ナリワイとは、「個人レベルではじめられて、自分の時間と健康をマネーと交換するのではなく、やればやるほど頭と体が鍛えられ、技が身につく仕事」(同上)です。
それは、たいそうなビジネスプランによって組み立てられていくものではありません。自分の生活にある、身の回りのちょっとしたことを「ナリワイ」にしようというものです。稼ぎよりも生活の充実が最優先事項です。
「ナリワイ」を考えるためには、私たちは「そもそも」という発想で、ふだんの日常を注意深く観察することが必要です。
そもそも、買った途端に価値が下がっていく住宅を、30年の雇用を条件にローンを組み、購入する価値はほんとうにあるのか?
そもそも、「万が一」に備えて保険に入るよりも、病気にならないように健康に努めることが大事なんではないか?

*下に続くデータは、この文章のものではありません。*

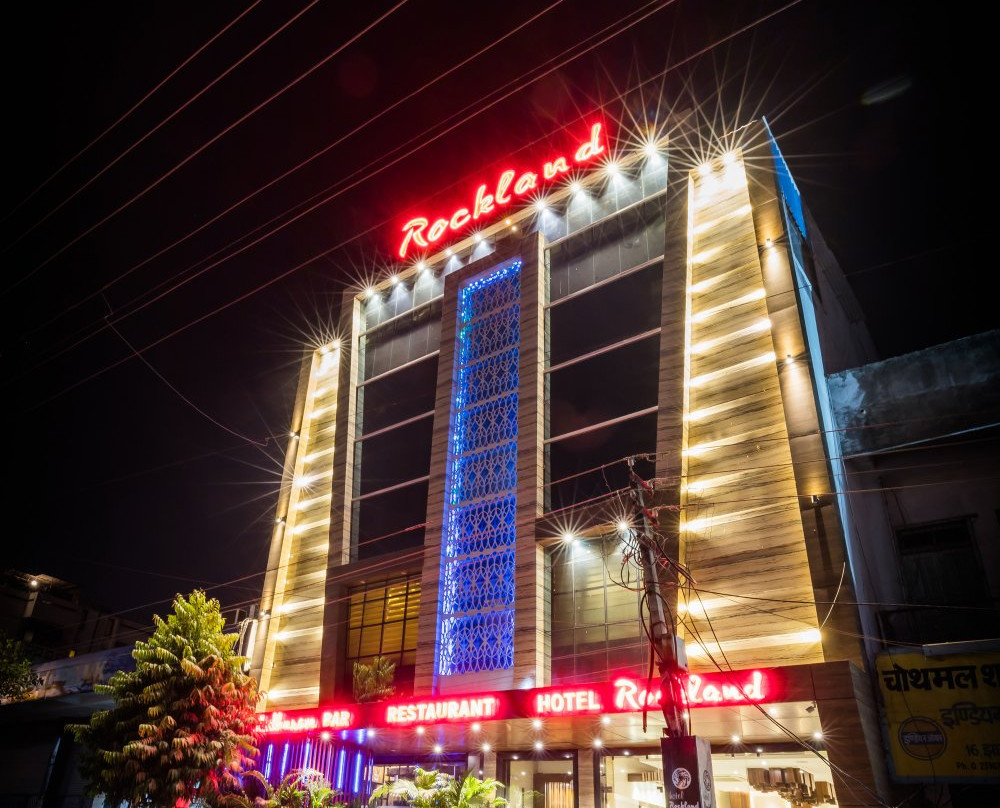 Super Townhouse Jhalawar Road Gumanpura Formerly Rockland主图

「そもそも」と考え直すことは、このようなライフプラン上の事柄から日常のささいなことまでライフプラン全体に及びます。その意味で、「ナリワイ」とは、キャリアコンサルタントの用語でいえば「ライフキャリア」に相当するものです。
一つの職業につくことにこだわる必要はない。
それよりも、本当に地に足のついた生活力を鍛えよう。
生活力を鍛えていくなかで、仲間がひろがり、仕事を含んだ生活実感が増えていく。
勇気づけられるメッセージだと思います。